Twitter data storage and processing
We all know that Twitter is a microblogging and social networking service on which users create messages and post them known as tweets. As Twitter is a widely used platform for posting the messages, it generates lots of data. On Tweeter, about 6000 tweets created and posted per second. The total number of tweets sent are around 500 million per day or 200 billion tweets per year.
Although one tweet consists of a 140-characters message, it is seen that Tweeter generates more than 12 terabytes of data per day. That equals to the 84 terabytes per week and 4.3 petabytes per year. Such a huge amount of data is generated by the tweets that we make every day.
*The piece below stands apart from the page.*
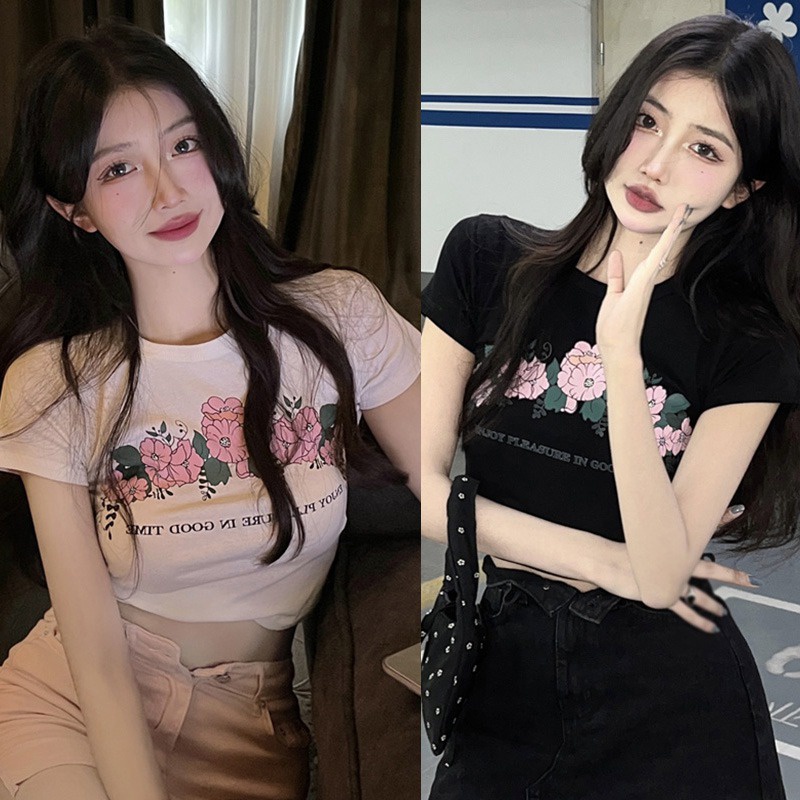 Áo Thun Croptop Ngắn Tay Cổ Tròn Form Ôm In Họa Tiết Hoa Phong Cách Hàn Quốc Thời Trang Cho Nữ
This data is processed, stored, cached, and analyzed every time the request is made. For such a massive content, twitter required huge storage and computing resources.
As the huge data is generated this is the problem of BigData. To overcome this problem, Twitter is making efficient use of BigData concepts. The first technology that Twitter uses to manage the data at a large scale is the Hadoop. By means of Hadoop, Twitter is using the concept of Distributed Storage. Hadoop clusters are running both compute and HDFS(Hadoop Distributed File System).
Twitter has multiple clusters storing over 500 PB of data. The biggest cluster of Twitter is over 10K nodes. Twitter runs 150K applications and launches 130M containers per day.
Originally Twitter is using MySQL to store the data. But as the data is kept on increasing the requirement of huge datastores is come up. And to speed up the data processing they require to use the concept of Distributed Storage. Twitter had introduced Gizzard — a framework for creating distributed datastores.
When we tweet it’s stored in an internal system called T-bird, which is built on top of Gizzard. Secondary indexes are stored in a Gizzard based system known as T-flock.
Unique IDs for each tweet are generated by Snowflake, which can be more evenly sharded across a cluster. FlockDB is used for ID to ID mapping, storing the relationships between IDs (uses Gizzard).
A Gizzard is Twitter’s distributed data storage framework built on top of MySQL (InnoDB). InnoDB was chosen because it doesn’t corrupt data and Gizzard is just a datastore.
Twitter originally intended to store MySQL backups using Hadoop, but now they are heavily using Hadoop for analytics.
Along with the tweet's message, users are sending media files like images, videos, etc. To store this media/object files, Twitter is using storage called Blobstore.